А что в ней было хорошего? Ее синеглазое обманчивое простодушие? Густо накрашенный рот, который умел источать не более двухсот, от силы двухсот пятидесяти обыденных слов? Беззаботный, прерывистый смех, смех распутницы и заводной игрушки? Все это так, но он предчувствовал, что завтра днем произойдет в его жизни нечто необыкновенное.

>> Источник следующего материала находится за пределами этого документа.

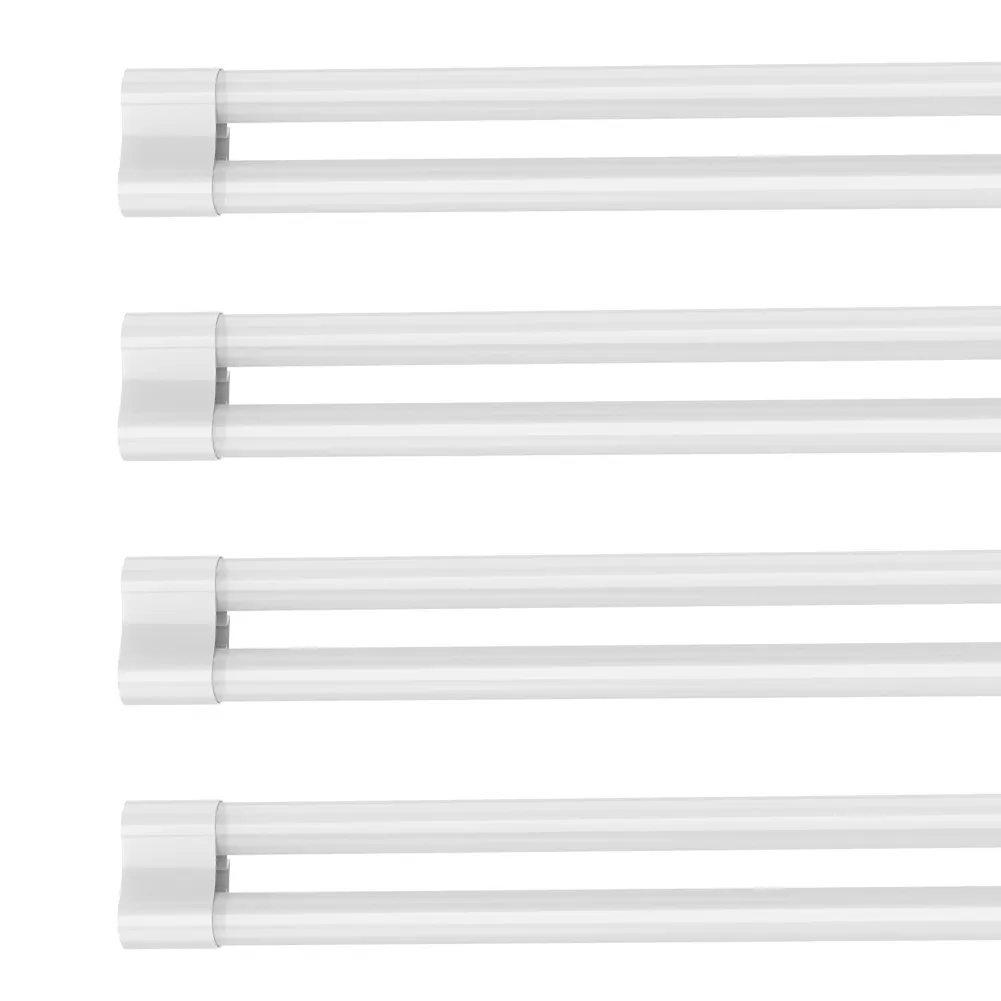 4ft shop lights 40W T8 LED Double Tube Lights hanging Fixture 6000K LED Shop Light Garage Plug-in airplane hangar house warhouse, workshop ceiling downlight frosted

И оно произошло. Анна выглядывала из окна верхнего этажа, когда Лоренц приблизился к дому, в котором она ему назначила свидание. Он слышал, стоя у двери, как она спускается по скрипучей лестнице. Она открыла дверь, поцеловала его (она это делала еще при Литвинце), повела наверх, в маленькую комнатку, они уселись на постели, застланной байковым старушечьим одеялом, перед круглым столом, на котором стоял кофейник, уже горячий, рядом две большие чашки, несколько тоненьких печеньиц из плохой, темной муки, на стене висел портретик Адольфа Гитлера, но, перехватив взгляд гостя, Анна сняла портретик и несмело, виновато рассмеялась. Анна снова принялась расспрашивать о Литвинце, но уже вяло, зато жарко и однообразно жаловалась на одиночество, плакала. Когда Лоренц напомнил ей о существовании мужа, она с жесткой горечью удивилась:
- При чем тут Иоахим?
Все дальнейшее сделала Анна, но получилось у нее так, будто она только покорно и даже немного нехотя шла навстречу желанию Лоренца, и Лоренц ясно видел эту простительную хитрость, видел даже тогда, когда у него закружилась голова от восторга и страха. Анна поняла, хотя он и не думал ей в этом признаться, что она первая женщина в его жизни, это ее сначала поразило, у нее было другое представление о советских офицерах, потом это ее растрогало, она его наставляла: "Не волнуйся, Михель, отдохни, и тогда тебе будет хорошо", - и ему в самом деле стало хорошо, но ненадолго, после этого ему захотелось от нее отодвинуться, все в ней сделалось ему чуждо.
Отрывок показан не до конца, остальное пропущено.